[Extracted data entries]
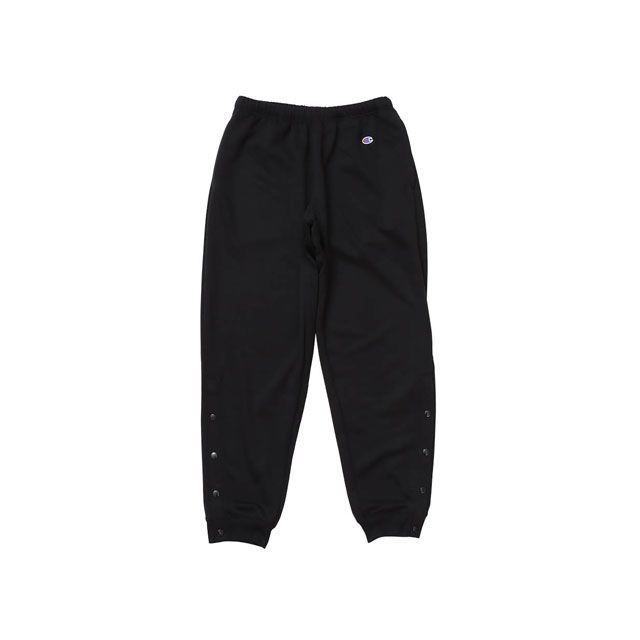 champion C3-XS293 SWEAT PANTS（ブラック） サイズ XXL C3-XS293 メーカー在庫あり チャンピオン アウトドア用ウェア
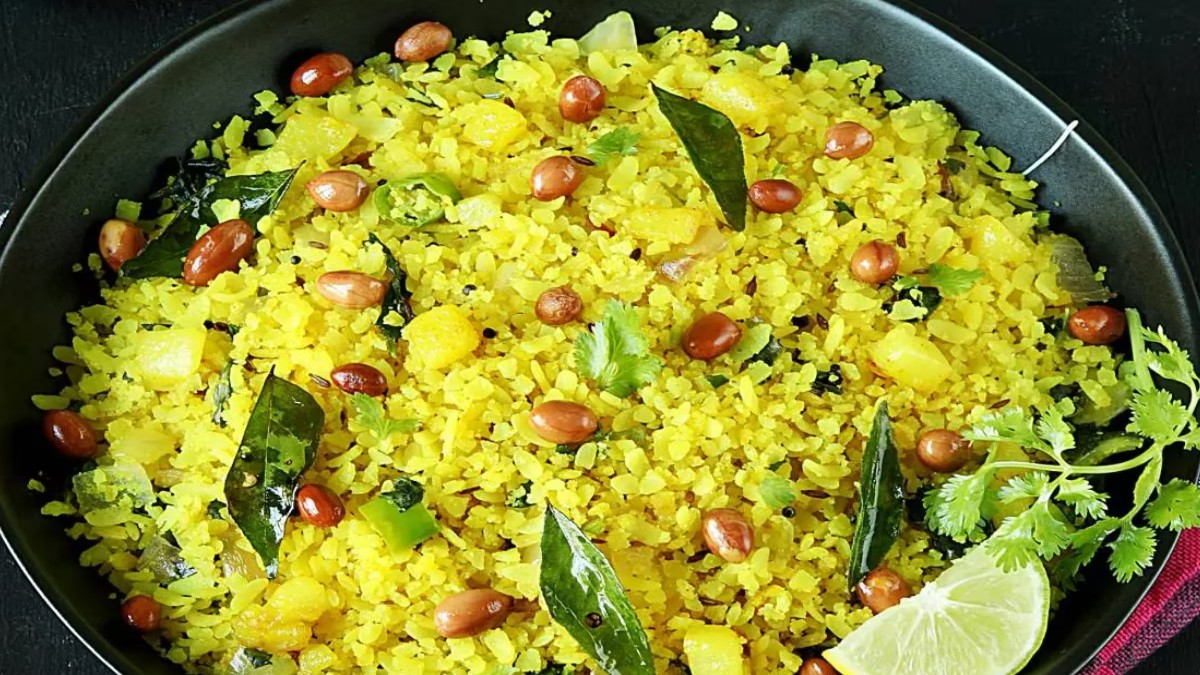 Kanda Poha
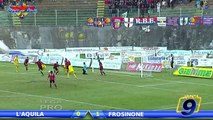 L'Aquila - Frosinone 0-1 HD | Highlights and Goals | Prima Divisione Gir.B 16^ Giornata 14/12/2013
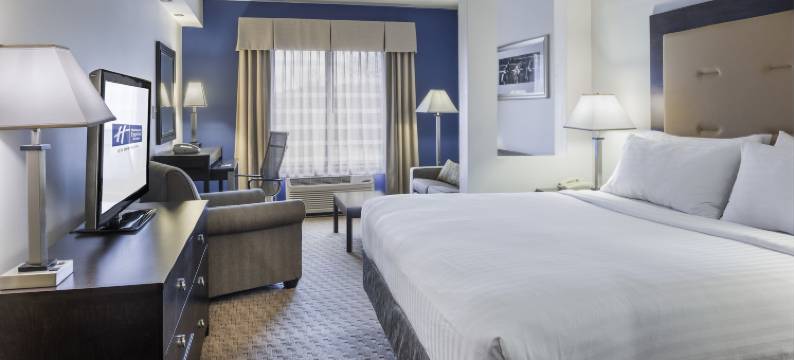 智选假日套房酒店月桂树(Holiday Inn Express & Suites LAUREL by IHG)图片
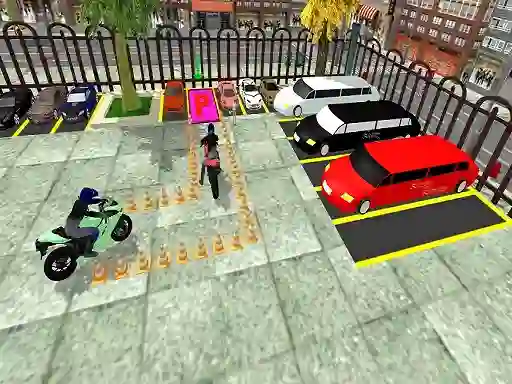 Laro Advance Bike Parking online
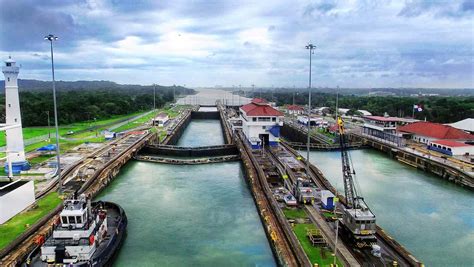 Taking a Trip Through the Panama Canal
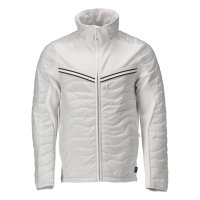 Mascot Thermal Jacket 22315-318 Customized Breathable, Water-Repellent, Climascot,White,M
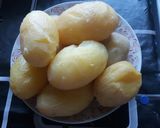 Burgonyasaláta ecetesen recept fázis 3 fotója
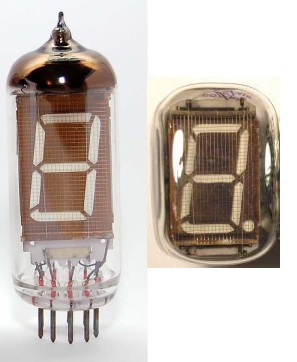 (image for) Vacuum Fluorescent Tubes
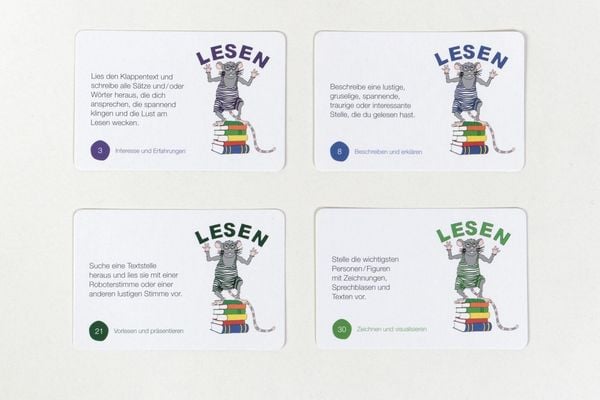 Produktbild: Literatur entdecken mit Kindern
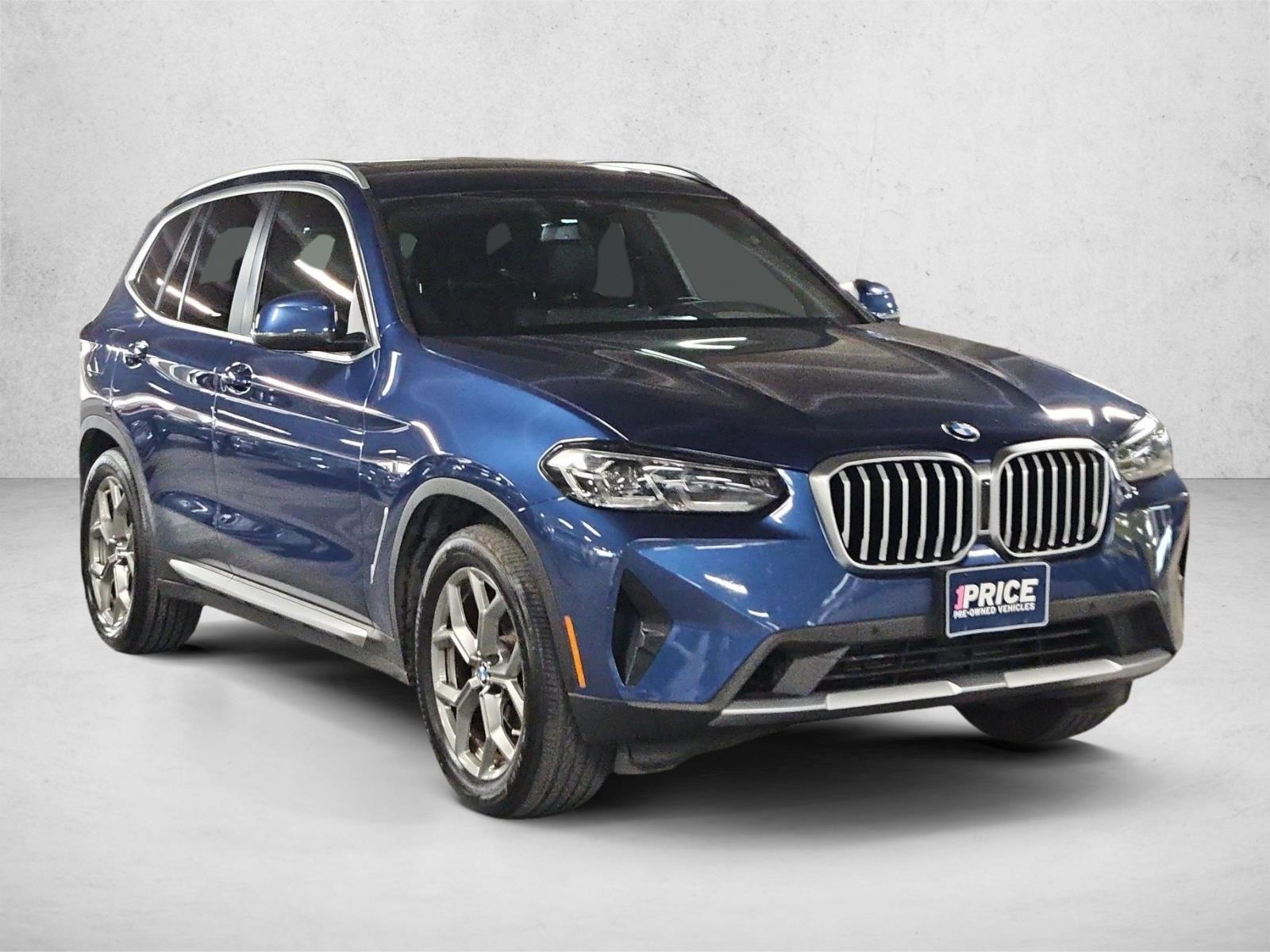 Used 2022 BMW X3 sDrive30i Sport Utility
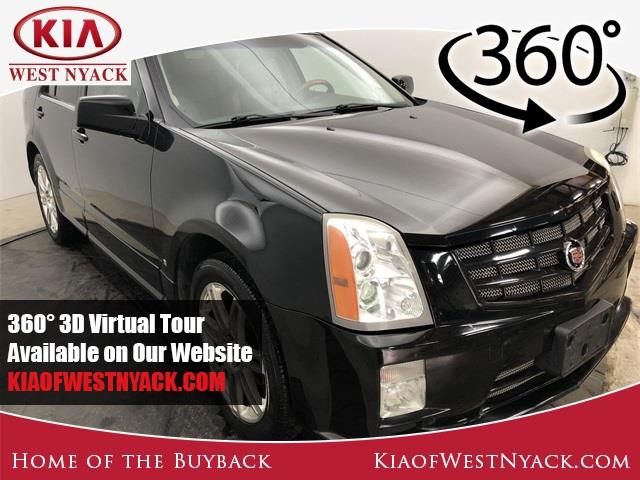 2008 Cadillac Srx V6, available for sale in Bronx, New York | Eastchester Motor Cars. Bronx, New York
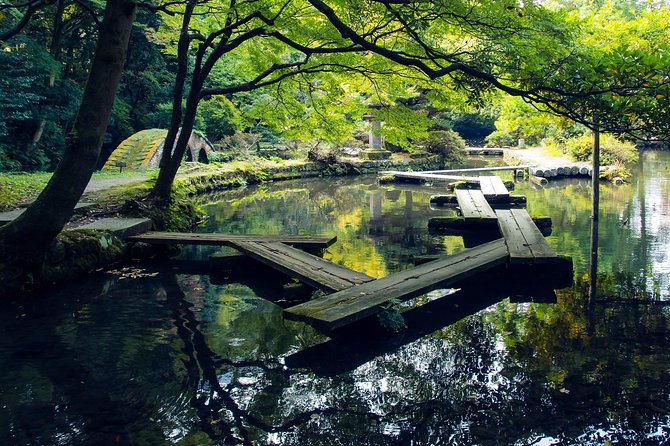 Kanazawa Custom Half Day Tour - General Information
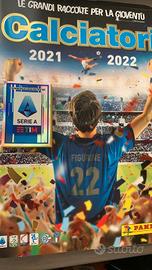Figurine Calciatori Panini 2021 2022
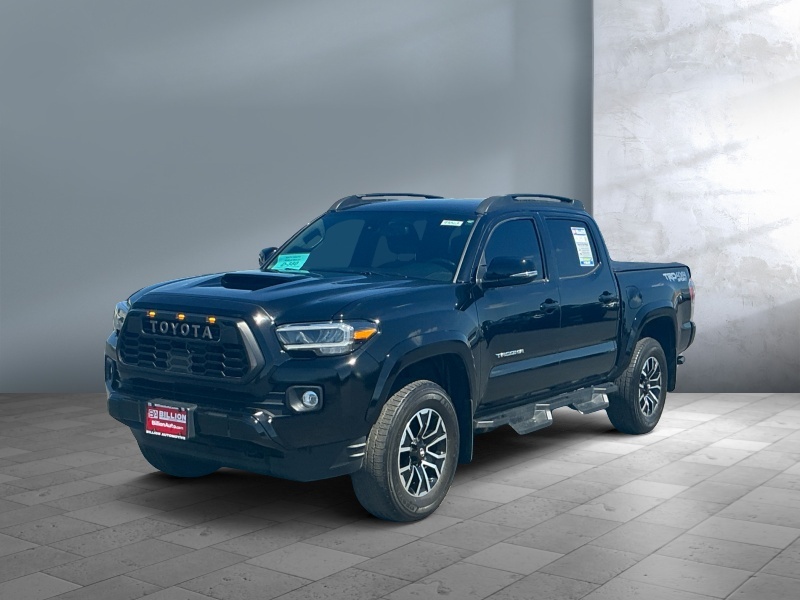 Used 2023 Toyota Tacoma TRD Sport Trucks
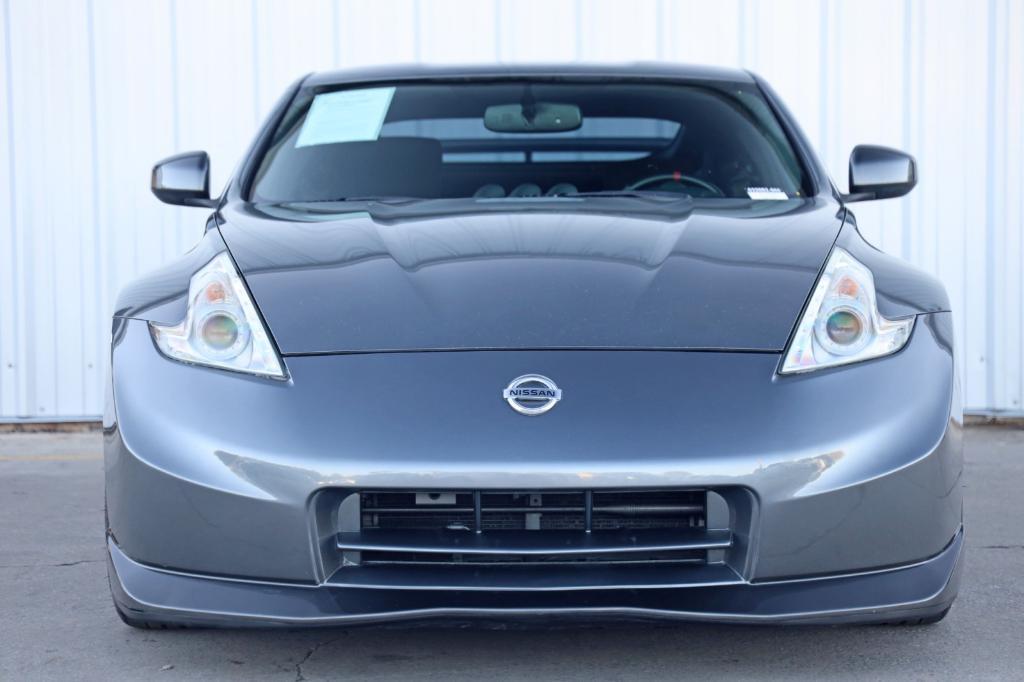 used 2014 Nissan 370Z car, priced at $19,000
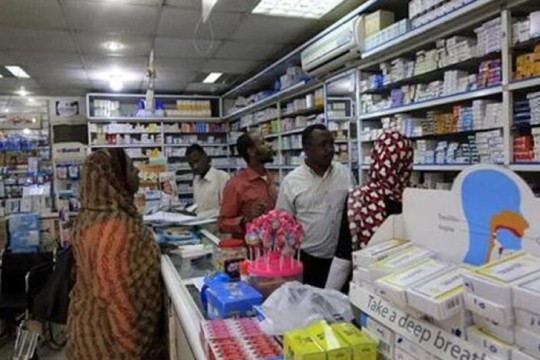 Sudan pharmaceutical sector losses exceed $1 billion as conflict halts production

### Exercise objective
An answer containing only the lines from the one holding "2008 Cadillac Srx" through the close of the entries above, reproduced exactly and stripped of pictures, is expected.

### Solution
 2008 Cadillac Srx V6, available for sale in Bronx, New York | Eastchester Motor Cars. Bronx, New York
 Kanazawa Custom Half Day Tour - General Information
Figurine Calciatori Panini 2021 2022
 Used 2023 Toyota Tacoma TRD Sport Trucks
 used 2014 Nissan 370Z car, priced at $19,000
 Sudan pharmaceutical sector losses exceed $1 billion as conflict halts production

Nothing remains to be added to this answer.